OpenVLN: Open-world Aerial Vision-Language Navigation

TL;DR

OpenVLN tackles data scarcity and long-horizon UAV vision-language navigation by integrating a rule-based reinforcement-learning fine-tuning of a vision-language model with a value-model guided long-horizon planner. It introduces dense, verifiable rewards via a value model $V_\rho$ producing $R_t^{V}$ and uses a PPO-like objective with KL regularization to enable stable updates under limited data. A VLN-CE replanner handles trajectory synthesis for smooth, robust long-horizon navigation. Evaluations on TravelUAV with 25% data show consistent improvements in SR, OSR, and SPL, confirming enhanced robustness in open-world aerial environments; see $R_t^{V} = r_{level}$ if $\frac{1}{1- Sim(F_s_t, F_w_n)} \ge r_{level}$, otherwise $R_t^{V} = \frac{1}{1- Sim(F_s_t, F_w_n)}$ and a KL-regularized PPO objective.

Abstract

Vision-language models (VLMs) have been widely-applied in ground-based vision-language navigation (VLN). However, the vast complexity of outdoor aerial environments compounds data acquisition challenges and imposes long-horizon trajectory planning requirements on Unmanned Aerial Vehicles (UAVs), introducing novel complexities for aerial VLN. To address these challenges, we propose a data-efficient Open-world aerial Vision-Language Navigation (i.e., OpenVLN) framework, which could execute language-guided flight with limited data constraints and enhance long-horizon trajectory planning capabilities in complex aerial environments. Specifically, we reconfigure a reinforcement learning framework to optimize the VLM for UAV navigation tasks, which can efficiently fine-tune VLM by using rule-based policies under limited training data. Concurrently, we introduce a long-horizon planner for trajectory synthesis that dynamically generates precise UAV actions via value-based rewards.

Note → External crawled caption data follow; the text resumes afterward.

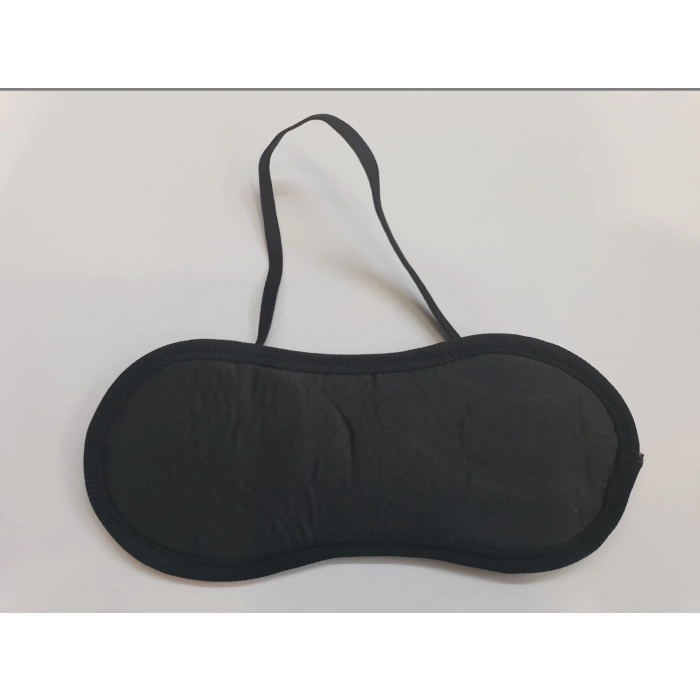ÇOK SATAN Uyku Göz Bandı Maskesi 12 Adet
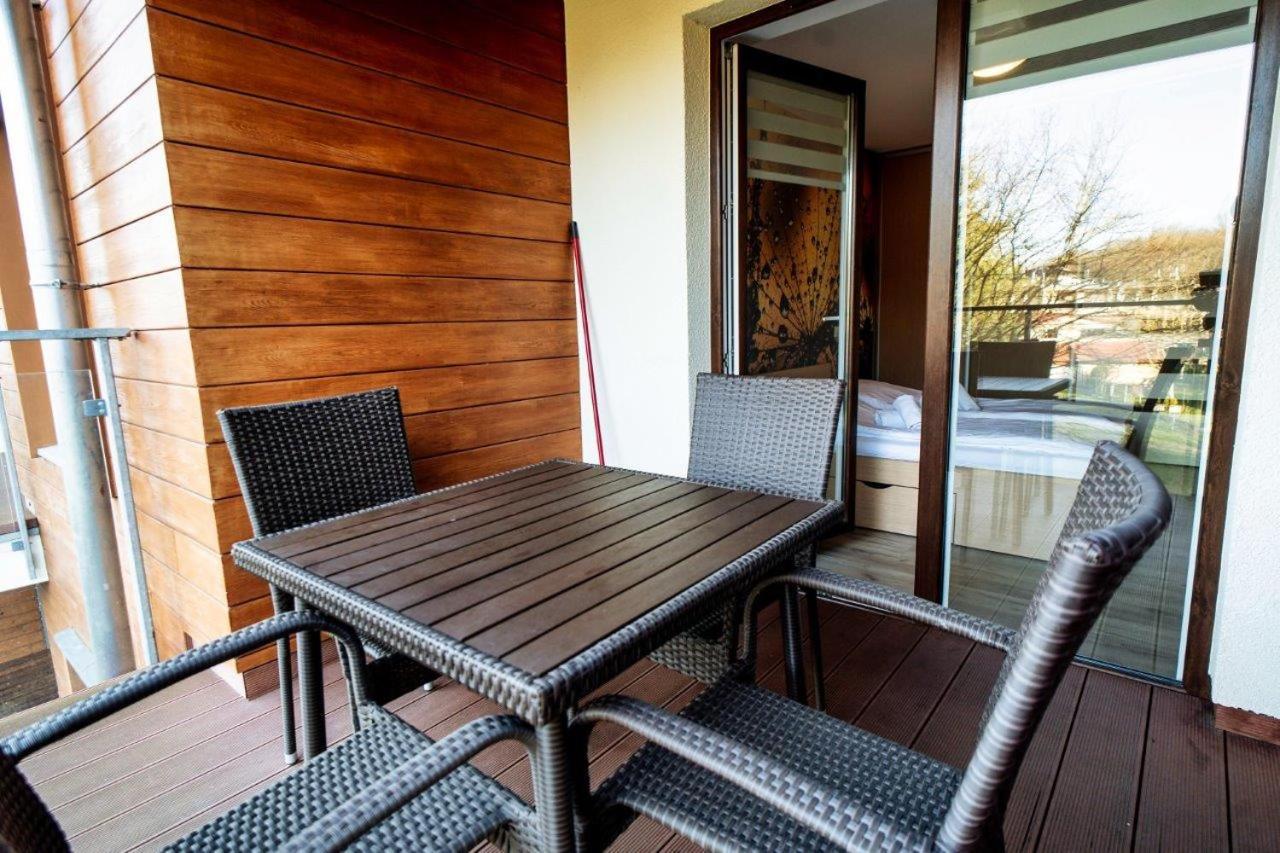 Apartament 109 Kolberg Exterior foto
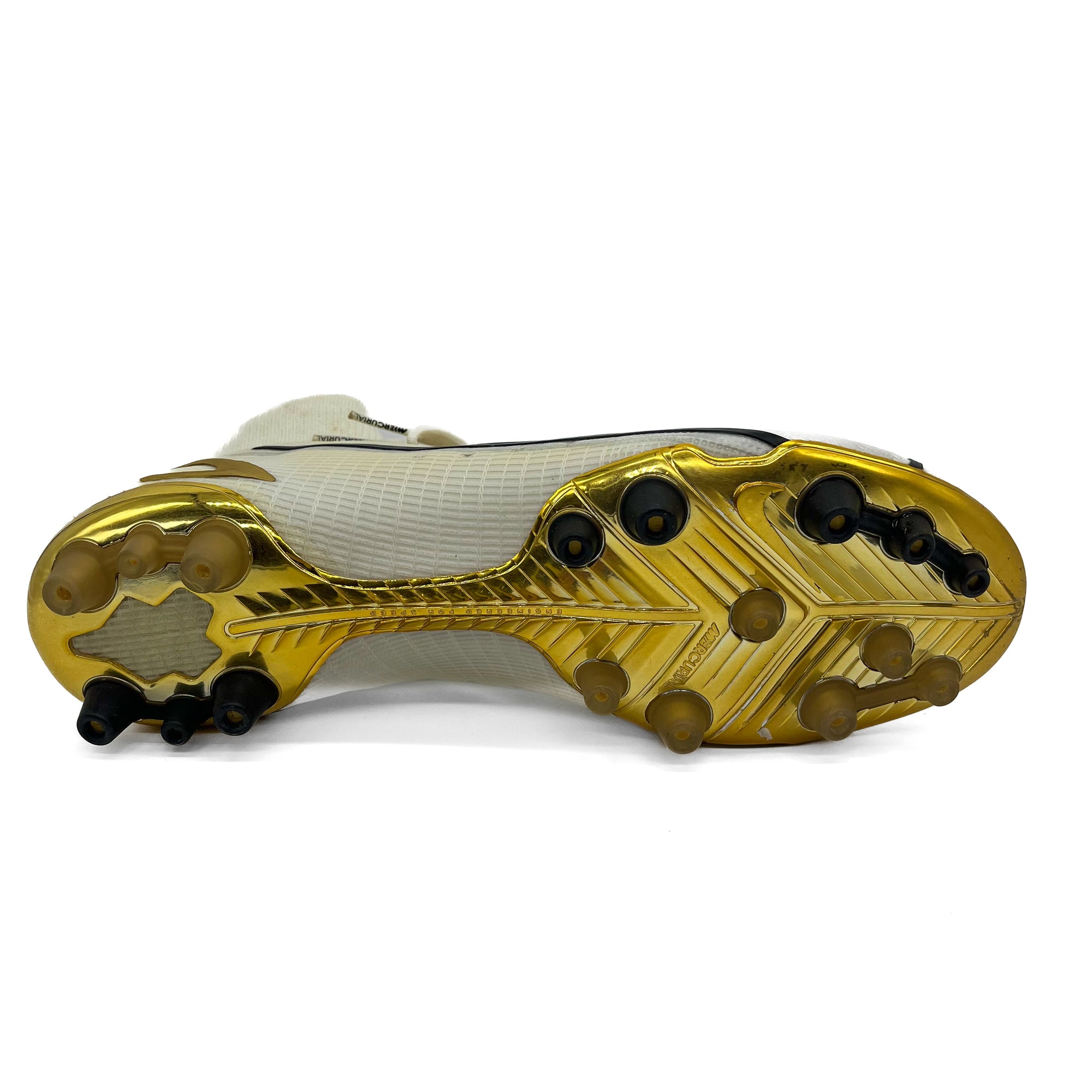 Nike Mercurial Superfly 8 Elite AG NIKEID
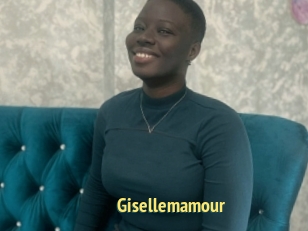 Gisellemamour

To the end, we conduct sufficient navigation experiments on the TravelUAV benchmark with dataset scaling across diverse reward settings. Our method demonstrates consistent performance gains of up to 4.34% in Success Rate, 6.19% in Oracle Success Rate, and 4.07% in Success weighted by Path Length over baseline methods, validating its deployment efficacy for long-horizon UAV navigation in complex aerial environments.

Figures (4)

• Figure 1: Challenge illustration for long-distance Vision-Language Navigation task, where drone needs to navigate to the destination according to the given instruction. Extended planning trajectories propagate environmental uncertainty, compounding localization error accumulation.
• Figure 2: Overall architecture of our OpenVLN framework. (a) The VLN-CE replanner that controls flight actions; (b) and (c) together form an Reinforcement Learning framework for data-efficient VLM fine-tuning under data scarcity, including a verifiable reward, value model reward at waypoints and an RL fine-tuning optimizer; and (d) a vision-language navigation model with a sensing encoder, multi-modal grounding moduleliuGroundingDINOMarrying2025, and an action decoder that predicts the next waypoint, producing the planned trajectory and the UAV pose.
• Figure 3: Comparison between the baseline and our proposed method. Rows 1–2: our UAV navigator successively searches and reliably reaches the destination by progressively detecting the instructed objectives one by one. Row 3: with the baseline method the drone collides with the building; the mission fails because of overlapping occlusion.
• Figure 4: The evaluation results with three levels of the assitance respectively. (a)-(c) The radar diagram demonstrating the Success Rate (SR), Oracle Success Rate (OSR) and Success weighted by Path Length (SPL) performances with Level 1-3 assitance, higher is better. (d) The Average Normalized Error in the TravelUAV benchmark evaluation, lower is better.